ADDED 12:30 pm EST 11/19/13:
 
From a 1999 interview when Lessing was asked to name three books about or by women that were very significant for her (the second paragraph is the one Janeites will focus on):

"Doris Lessing: This is very difficult. There are so many. Olive Schreiner, a South African writer who came to London before the first World War -- her novel THE STORY OF AN AFRICAN FARM is extraordinary. She was a very original thinker, a feminist. She was asking questions that I don't think people got around to asking until the '60s. She was a socialist of that kind and time. She wrote about things such as trade unionism, the labor struggle, and birth control. She was truly remarkable. Also Nadezhda (the word for "hope" in Russian) Mandelstam: She was the wife of Osip Mandelstam, the great Russian poet, and she wrote a book called HOPE AGAINST HOPE, a pun on her name, about the persecution suffered under poets under Stalin. It is one of the greatest books of this century, and I recommend it. She wrote another called HOPE ABANDONED. These two books together are extraordinary.
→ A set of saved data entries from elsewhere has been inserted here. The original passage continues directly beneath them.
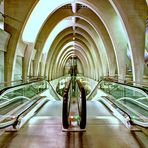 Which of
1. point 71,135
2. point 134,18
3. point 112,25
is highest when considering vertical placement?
point 112,25

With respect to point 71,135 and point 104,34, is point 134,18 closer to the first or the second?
point 104,34

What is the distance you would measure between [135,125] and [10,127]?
268 centimetres

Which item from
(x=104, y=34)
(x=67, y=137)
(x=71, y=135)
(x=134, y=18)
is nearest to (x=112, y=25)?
(x=104, y=34)

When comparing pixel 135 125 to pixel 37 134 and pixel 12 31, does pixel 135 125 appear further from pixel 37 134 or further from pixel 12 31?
pixel 12 31

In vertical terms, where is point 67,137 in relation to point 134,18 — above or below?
below

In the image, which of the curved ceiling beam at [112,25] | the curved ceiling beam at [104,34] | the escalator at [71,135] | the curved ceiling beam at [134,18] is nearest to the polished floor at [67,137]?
the escalator at [71,135]

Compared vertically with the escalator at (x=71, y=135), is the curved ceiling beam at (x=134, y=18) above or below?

Also a biographer, Claire Tomalin -- she wrote a book about Jane Austen called JANE AUSTEN: A LIFE, recently out. What is admirable about this is that we have been used to seeing Austen rather as a maiden aunt observing the world from a corner, but Claire puts her into the context of a great web of family relations of that time, a detailed society. Jane Austen was very busy indeed, working with friends, family, and children, and had a hard time -- there was never any money. There is a refrain throughout this book -- cousin Fanny died in childbirth with her tenth child last summer -- and a whole new picture is painted for us of this time. Really great detail in this book -- what people were eating, how they were dressing, how they traveled. It is a completely new picture of a lady believed to have never gotten dust on her hands -- which is very far from the truth." END QUOTE

So...it seems clear that Lessing's 2004 essay about Jane Austen was sparked by Lessing's having read Tomalin's bio of JA in 1999, which led her to change her prior understanding of Jane Austen in a fundamental way. It remains endlessly fascinating to me to see the reactions to Jane Austen of later writers, especially later female writers.